L’accusation criminelle a été suspendue par la Couronne le 9 décembre 2019. Le fait que l’accusation ait été suspendue n’avantage pas M. Ji, et ce, pour deux raisons. L’importance doit être déterminée au moment de la fausse déclaration, [Inocentes c Canada (Citoyenneté et Immigration), 2015 CF 1187 au para 16]. Au moment où la demande a été soumise, M. Ji faisait manifestement l’objet d’une accusation criminelle. Deuxièmement, pour être importante, une fausse déclaration n’a pas à être décisive ou déterminante. Elle est importante si elle a une incidence sur le processus (Goburdhun c Canada (Citoyenneté et Immigration), 2013 CF 971 aux para 28, 37; Afzal c Canada (Citoyenneté et Immigration), 2012 CF 426 au para 26). Une personne est interdite de territoire pour criminalité et ne peut se voir accorder une prorogation de son permis d’études si elle a été reconnue coupable au Canada d’une agression armée. La fausse déclaration de M. Ji aurait pu empêcher l’agent chargé de traiter sa demande d’examiner la décision rendue suite à l’accusation criminelle. La fausse déclaration était importante, car elle aurait eu une incidence sur le processus amorcé.
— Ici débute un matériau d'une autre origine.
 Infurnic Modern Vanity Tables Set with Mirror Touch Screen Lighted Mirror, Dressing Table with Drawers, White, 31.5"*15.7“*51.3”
La fausse déclaration doit se rapporter à un objet pertinent. En l’espèce, il s’agissait de la demande de prolongation du permis d’études de M. Ji.

La fausse déclaration doit entraîner ou avoir risqué d’entraîner une erreur dans l’application de la LIPR. La fausse déclaration de M. Ji aurait pu permettre à une personne interdite de territoire pour criminalité de bénéficier d’une prolongation de son permis d’études, ce qui aurait constitué une erreur dans l’application de la Loi.

[Non souligné dans l’original; citations clarifiées.]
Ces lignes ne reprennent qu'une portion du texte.